L’interesse per l’interattività rappresenta lo sbocco “naturale” di un percorso artistico che ha da sempre privilegiato modalità performative, a partire dalle prime esperienze formative degli anni ’70 come animatore teatrale, cantastorie e musicista, attività che attestano un legame forte con le tradizioni popolari e l’esigenza di lavorare a stretto contatto con il pubblico. Allo stesso modo, le sperimentazioni con le tecnologie elettroniche e digitali che sempre più, a partire dagli anni ‘80 caratterizzano il suo lavoro, sono strettamente intrecciate al bisogno di intervenire su quelle “zone calde” della comunicazione contemporanea rappresentate dai mezzi di comunicazione di massa, per proporne usi alternativi, al di fuori delle logiche di mercato. L’approccio alla tecnologia è “low tech” per consentirne un uso accessibile a tutti e smitizzarne le valenze feticistiche. Approccio che privilegia pratiche collaborative e connettive, in modo da mettere in relazione persone e competenze diverse, contaminando linguaggi e generi. Non si contano le collaborazioni di Giacomo Verde con musicisti, teatranti, artisti, poeti, filmaker indipendenti, studenti, insegnanti ed operatori didattici: “mi piace molto mettere in relazione diversi linguaggi, così si possono fare opere più complete e plurisignificanti. E mi piace molto lavorare in gruppo, affidare parte del lavoro ad altre persone”.
L’impegno in ambito sociale e politico è un altro aspetto fondamentale che contraddistingue l’estetica relazionale di Giacomo Verde e che si traduce in svariate pratiche di attivismo artistico - azioni di netstrike, di sostegno e partecipazione attiva a campagne di controinformazione e ad iniziative no-profit - in una costante ricerca di un punto di equilibrio, non sempre facile da attuare, tra “bellezza” e “giustizia”, di quel mix giusto fra atteggiamenti etici (morali e politici), aspirazioni e ispirazioni espressive, tenuta e innovazione linguistica.
Distante dagli aspetti più vistosi e spettacolari del sistema dell’arte contemporanea, l’operare artistico di Giacomo Verde attecchisce e prolifica in territori decentrati ma vitali, per dar voce a bisogni e ad immaginari che non trovano spazio nei media ufficiali.
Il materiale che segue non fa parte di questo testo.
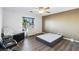Bright bedroom with ceiling fan, wood-look floors, and a view of the exterior at 741 Canary Wharf Dr, Las Vegas, NV 89178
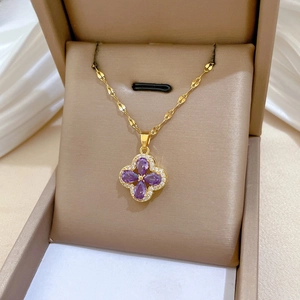 Detailed view of gold clover pendant with purple zircon stones and sparkling crystals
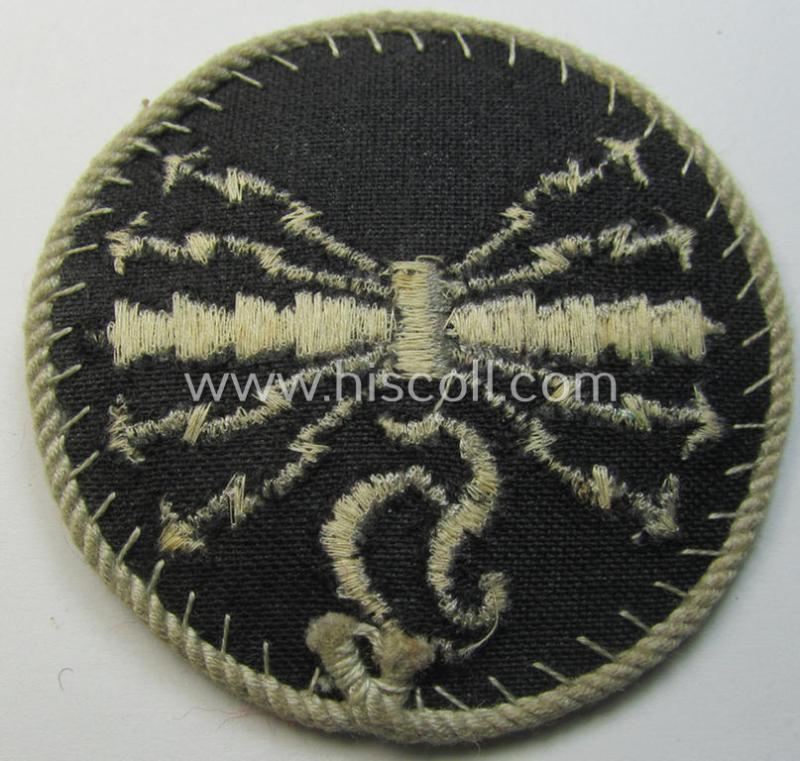 Attractive - albeit moderately used! - example of a WH (Luftwaffe) machine-embroidered, trade- ie. special-career-patch (ie. 'Tätigkeitsabzeichen') having a silver-white-toned 'Kordel' attached as was intended for: 'LW-Horchfunker'-staffmembers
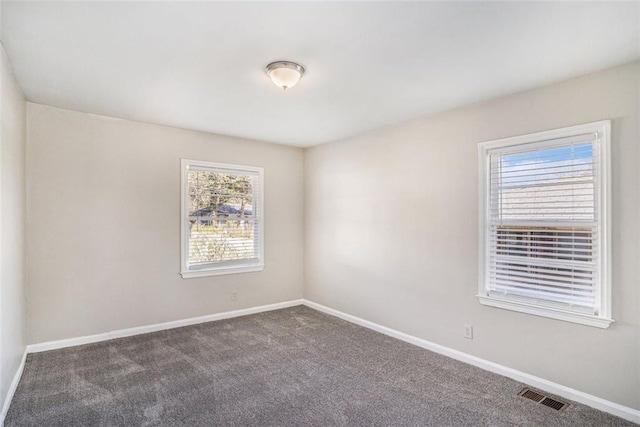 carpeted spare room with visible vents and baseboards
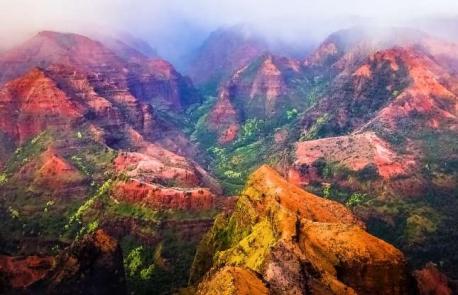 Nāpali Coast State Wilderness Park, Hawaii: The rugged red and green rocks of Hawaii's Nāpali Coast State Wilderness Park look more suited to Mars than Earth. 'Na Pali' means 'high cliffs', and the tallest mountains here soar to 4,000 feet. The best way to take in the prismatic peaks is from the Kalalau Trail, a hardy, 11-mile route that rewards its hikers with a sandy beach at the end. The trail is currently closed (due to damage caused by flooding), but you can check the trail site for details of its reopening. When the trail reopens, will you visit the Nāpali Coast State Wilderness Park?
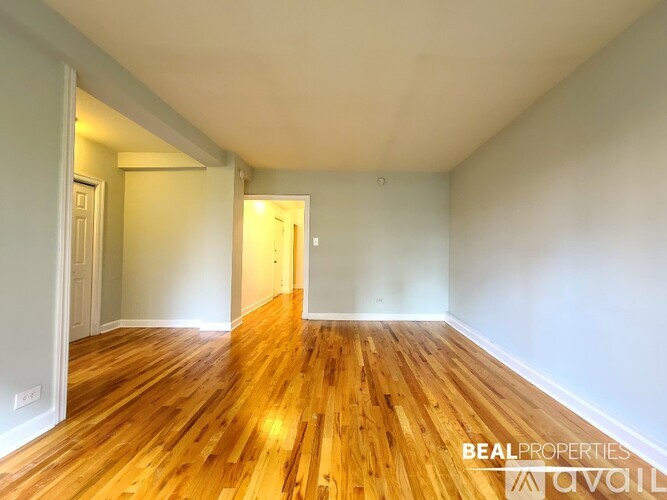 A room with wooden floors and white walls, with a door on the left and a window on the right.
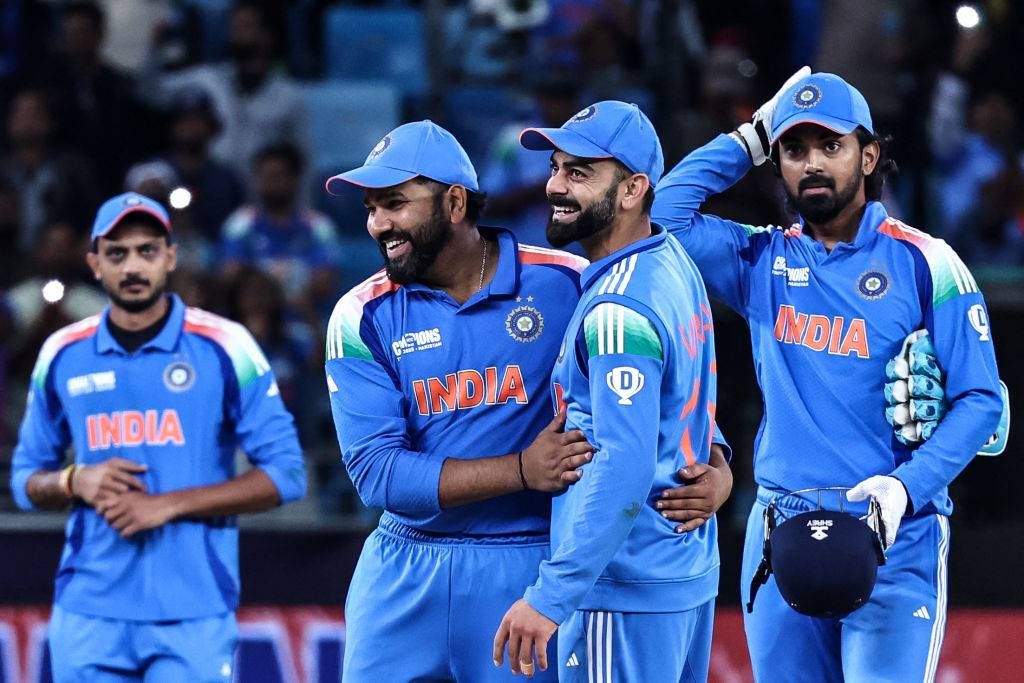 India&#039;s captain Rohit Sharma (2L) and his teammate Virat Kohli (2R) celebrate their team&#039;s win in the ICC Champions Trophy one-day international (ODI) cricket match between New Zealand and India 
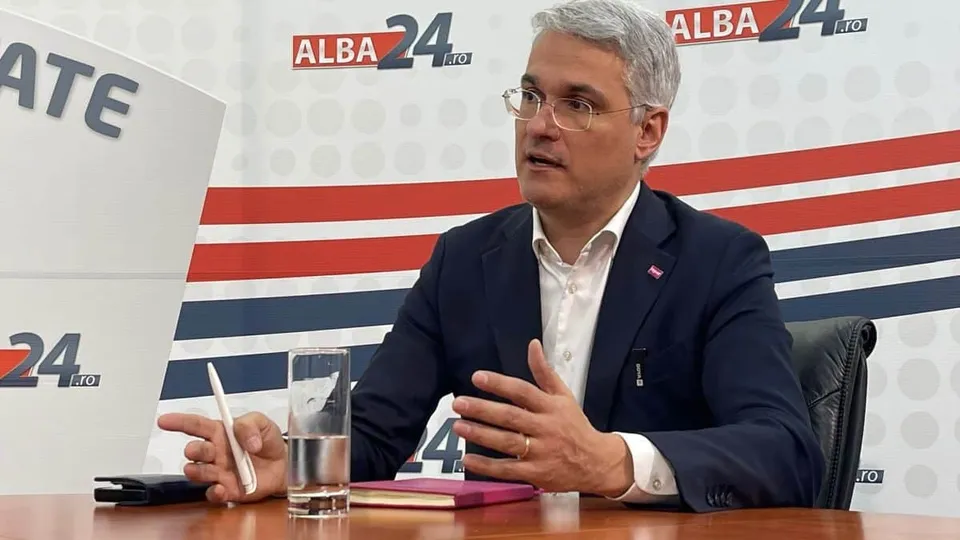 Un bărbat cu ochelari și părul cărunt, purtând sacou închis și cămașă albă, stă la o masă lângă un pahar cu apă și un obiect subțire alb.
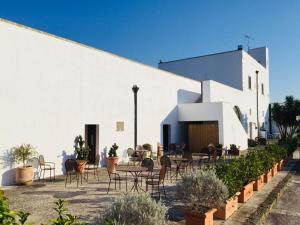 un patio avec des chaises et des tables en face d'un bâtiment dans l'établissement Masseria Fabrizio, à Otrante
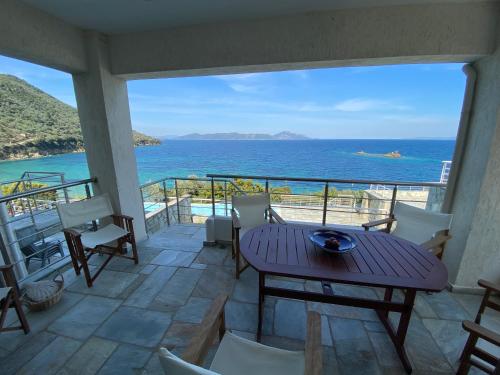 a balcony with a table and chairs and the ocean at Villa Seaview in Pteleós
Molti dei suoi progetti si configurano come kit creativi dotati di “istruzioni per l’uso”, opere aperte, o meglio “open source”, il cui codice sorgente è a disposizione di tutti, per incentivare sia la creatività individuale che collettiva. Lo spettatore che Giacomo Verde intende convocare attraverso le sue opere è uno spettatore vigile, consapevole dello scarto tra realtà e rappresentazione, che non si lascia trasportare passivamente nel gioco illusionistico dell’arte. Mettere in scena il linguaggio oltre che i contenuti, mostrare i processi di trasfigurazione del reale che ogni atto rappresentativo comporta, sono strategie estetiche e cognitive, “strategie di smascheramento” e di rottura della cornice illusionistica costantemente adottate da Giacomo Verde, come nel Tele-Racconto, dispositivo ideato dall’artista negli anni ’90, in cui si intrecciano narrazione, micro-teatro e macro-ripresa in diretta, divenuto poi una sorta di prototipo per altre oper’azioni performative, quali la realizazione di video-fondali-live in concerti, recital di poesia e spettacoli. Infine una scanzonata ironia, un’attitudine ludica e liberatoria permeano con una “leggerezza pensosa”, la sua poliedrica attività; del resto comicità e ironia, nell’arco di tutto il novecento, si sono rivelate delle preziose compagne dei linguaggi artistici, costituendo delle modalità espressive privilegiate attraverso cui si è cercato di dominare, metabolizzare e mettere in forma temi cruciali e perturbanti della contemporaneità.